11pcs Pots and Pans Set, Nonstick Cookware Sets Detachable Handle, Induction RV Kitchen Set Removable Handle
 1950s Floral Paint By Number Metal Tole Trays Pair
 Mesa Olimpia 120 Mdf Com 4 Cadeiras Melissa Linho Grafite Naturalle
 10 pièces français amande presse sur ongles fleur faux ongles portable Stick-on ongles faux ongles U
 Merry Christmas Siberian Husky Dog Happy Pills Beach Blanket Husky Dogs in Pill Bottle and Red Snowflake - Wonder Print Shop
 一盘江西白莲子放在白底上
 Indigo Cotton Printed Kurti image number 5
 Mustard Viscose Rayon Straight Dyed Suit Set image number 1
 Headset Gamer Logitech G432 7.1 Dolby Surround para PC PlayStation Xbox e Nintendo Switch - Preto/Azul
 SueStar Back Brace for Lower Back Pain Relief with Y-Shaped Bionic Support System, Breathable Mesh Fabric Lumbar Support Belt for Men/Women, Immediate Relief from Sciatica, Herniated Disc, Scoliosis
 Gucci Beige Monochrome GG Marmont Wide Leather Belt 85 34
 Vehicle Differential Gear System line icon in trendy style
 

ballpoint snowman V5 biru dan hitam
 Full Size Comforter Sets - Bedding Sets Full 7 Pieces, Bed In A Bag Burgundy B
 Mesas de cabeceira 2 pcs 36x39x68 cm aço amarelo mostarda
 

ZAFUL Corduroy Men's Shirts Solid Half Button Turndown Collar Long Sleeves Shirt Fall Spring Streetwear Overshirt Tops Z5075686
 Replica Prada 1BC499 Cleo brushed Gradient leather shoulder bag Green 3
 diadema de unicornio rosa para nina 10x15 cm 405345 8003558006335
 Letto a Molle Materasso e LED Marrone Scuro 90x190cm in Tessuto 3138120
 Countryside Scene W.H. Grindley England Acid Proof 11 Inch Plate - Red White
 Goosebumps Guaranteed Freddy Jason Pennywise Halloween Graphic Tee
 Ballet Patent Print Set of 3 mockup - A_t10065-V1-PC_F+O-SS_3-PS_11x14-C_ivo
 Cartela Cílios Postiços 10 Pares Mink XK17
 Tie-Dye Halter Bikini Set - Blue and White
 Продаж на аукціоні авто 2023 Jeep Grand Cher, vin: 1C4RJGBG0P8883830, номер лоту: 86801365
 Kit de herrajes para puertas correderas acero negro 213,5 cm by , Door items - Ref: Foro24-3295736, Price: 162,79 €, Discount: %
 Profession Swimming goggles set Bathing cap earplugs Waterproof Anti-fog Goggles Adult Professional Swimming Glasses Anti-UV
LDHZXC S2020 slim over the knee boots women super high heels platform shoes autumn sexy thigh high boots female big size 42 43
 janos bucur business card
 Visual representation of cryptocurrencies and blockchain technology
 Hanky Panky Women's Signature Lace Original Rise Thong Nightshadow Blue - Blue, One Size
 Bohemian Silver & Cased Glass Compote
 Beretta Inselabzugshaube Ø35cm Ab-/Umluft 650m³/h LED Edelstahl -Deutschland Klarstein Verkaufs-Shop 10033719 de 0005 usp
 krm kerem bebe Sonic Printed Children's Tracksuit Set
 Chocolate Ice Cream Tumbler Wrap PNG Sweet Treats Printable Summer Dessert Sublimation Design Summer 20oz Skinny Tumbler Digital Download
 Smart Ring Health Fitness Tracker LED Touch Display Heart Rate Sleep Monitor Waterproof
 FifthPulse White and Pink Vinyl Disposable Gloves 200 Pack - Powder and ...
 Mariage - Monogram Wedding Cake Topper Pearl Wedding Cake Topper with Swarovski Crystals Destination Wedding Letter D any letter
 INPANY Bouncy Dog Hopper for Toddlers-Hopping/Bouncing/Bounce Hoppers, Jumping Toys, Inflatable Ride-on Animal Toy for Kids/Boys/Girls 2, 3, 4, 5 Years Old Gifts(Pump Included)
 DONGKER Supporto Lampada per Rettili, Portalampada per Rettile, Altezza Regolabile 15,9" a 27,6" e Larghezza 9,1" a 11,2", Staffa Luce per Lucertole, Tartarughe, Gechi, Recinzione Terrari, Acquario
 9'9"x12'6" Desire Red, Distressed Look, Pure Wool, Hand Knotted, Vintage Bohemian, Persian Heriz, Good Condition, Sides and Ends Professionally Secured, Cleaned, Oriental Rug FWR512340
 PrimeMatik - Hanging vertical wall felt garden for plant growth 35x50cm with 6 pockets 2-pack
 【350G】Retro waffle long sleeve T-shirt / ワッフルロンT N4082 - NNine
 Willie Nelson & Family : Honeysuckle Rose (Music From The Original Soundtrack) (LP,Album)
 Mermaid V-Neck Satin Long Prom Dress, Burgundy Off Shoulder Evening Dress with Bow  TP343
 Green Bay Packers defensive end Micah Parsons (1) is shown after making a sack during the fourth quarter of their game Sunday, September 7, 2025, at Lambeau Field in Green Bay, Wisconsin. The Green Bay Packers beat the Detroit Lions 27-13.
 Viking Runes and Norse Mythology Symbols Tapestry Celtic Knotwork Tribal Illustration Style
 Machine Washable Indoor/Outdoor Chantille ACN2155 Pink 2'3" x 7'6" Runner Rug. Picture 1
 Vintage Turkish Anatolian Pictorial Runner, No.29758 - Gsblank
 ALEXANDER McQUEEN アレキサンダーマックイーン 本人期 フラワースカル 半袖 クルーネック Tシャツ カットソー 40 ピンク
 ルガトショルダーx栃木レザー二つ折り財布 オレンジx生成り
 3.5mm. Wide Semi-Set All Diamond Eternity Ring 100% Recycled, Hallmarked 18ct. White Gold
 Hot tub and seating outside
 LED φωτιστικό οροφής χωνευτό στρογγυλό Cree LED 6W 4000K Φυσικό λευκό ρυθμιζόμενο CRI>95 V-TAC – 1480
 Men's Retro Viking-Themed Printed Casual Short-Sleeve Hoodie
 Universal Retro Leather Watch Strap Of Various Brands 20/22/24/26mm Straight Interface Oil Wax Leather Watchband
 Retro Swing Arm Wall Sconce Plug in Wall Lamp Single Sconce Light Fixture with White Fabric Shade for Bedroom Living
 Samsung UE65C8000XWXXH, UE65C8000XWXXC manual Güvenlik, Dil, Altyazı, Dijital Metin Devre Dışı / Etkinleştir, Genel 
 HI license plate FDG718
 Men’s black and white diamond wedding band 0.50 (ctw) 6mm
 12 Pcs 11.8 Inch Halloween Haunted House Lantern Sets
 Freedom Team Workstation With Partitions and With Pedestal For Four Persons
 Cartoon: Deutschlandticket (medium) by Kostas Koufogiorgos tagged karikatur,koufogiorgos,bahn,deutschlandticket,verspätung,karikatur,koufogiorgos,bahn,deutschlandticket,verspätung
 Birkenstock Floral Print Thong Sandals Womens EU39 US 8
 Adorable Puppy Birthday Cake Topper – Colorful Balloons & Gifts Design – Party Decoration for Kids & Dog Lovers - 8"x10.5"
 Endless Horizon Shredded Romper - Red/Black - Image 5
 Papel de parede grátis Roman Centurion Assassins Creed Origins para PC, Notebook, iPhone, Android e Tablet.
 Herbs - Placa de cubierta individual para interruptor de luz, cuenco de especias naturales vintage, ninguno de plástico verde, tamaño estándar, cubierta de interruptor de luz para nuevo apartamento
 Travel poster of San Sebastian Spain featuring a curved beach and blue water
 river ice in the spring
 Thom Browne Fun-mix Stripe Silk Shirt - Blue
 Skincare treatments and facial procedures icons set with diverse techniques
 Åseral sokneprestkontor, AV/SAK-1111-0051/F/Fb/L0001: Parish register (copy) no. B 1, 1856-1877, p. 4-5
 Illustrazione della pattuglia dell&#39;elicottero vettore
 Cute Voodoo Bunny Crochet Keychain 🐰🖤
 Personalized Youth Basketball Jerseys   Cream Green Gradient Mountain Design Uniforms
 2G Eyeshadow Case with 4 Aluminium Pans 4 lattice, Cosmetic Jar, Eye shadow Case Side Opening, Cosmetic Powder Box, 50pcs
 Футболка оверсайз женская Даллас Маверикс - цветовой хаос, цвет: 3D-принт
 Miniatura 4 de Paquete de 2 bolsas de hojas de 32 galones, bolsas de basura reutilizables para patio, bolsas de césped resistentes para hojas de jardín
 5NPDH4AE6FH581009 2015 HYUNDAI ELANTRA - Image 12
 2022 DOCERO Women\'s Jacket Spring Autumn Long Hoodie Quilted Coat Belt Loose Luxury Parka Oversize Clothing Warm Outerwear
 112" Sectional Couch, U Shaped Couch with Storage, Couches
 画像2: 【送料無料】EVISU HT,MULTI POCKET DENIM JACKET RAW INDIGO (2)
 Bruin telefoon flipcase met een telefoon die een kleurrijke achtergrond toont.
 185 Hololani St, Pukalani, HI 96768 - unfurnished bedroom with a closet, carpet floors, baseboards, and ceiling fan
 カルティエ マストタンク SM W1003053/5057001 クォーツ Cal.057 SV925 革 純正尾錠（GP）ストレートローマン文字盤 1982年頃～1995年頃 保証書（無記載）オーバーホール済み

#### What this task involves:
Using the data above, reproduce exactly the lines between those holding "Machine Washable Indoor/Outdoor" and "ルガトショルダーx栃木レザー二つ折り財布 オレンジx生成り", inclusive, and no others.

#### Your response:
 Machine Washable Indoor/Outdoor Chantille ACN2155 Pink 2'3" x 7'6" Runner Rug. Picture 1
 Vintage Turkish Anatolian Pictorial Runner, No.29758 - Gsblank
 ALEXANDER McQUEEN アレキサンダーマックイーン 本人期 フラワースカル 半袖 クルーネック Tシャツ カットソー 40 ピンク
 ルガトショルダーx栃木レザー二つ折り財布 オレンジx生成り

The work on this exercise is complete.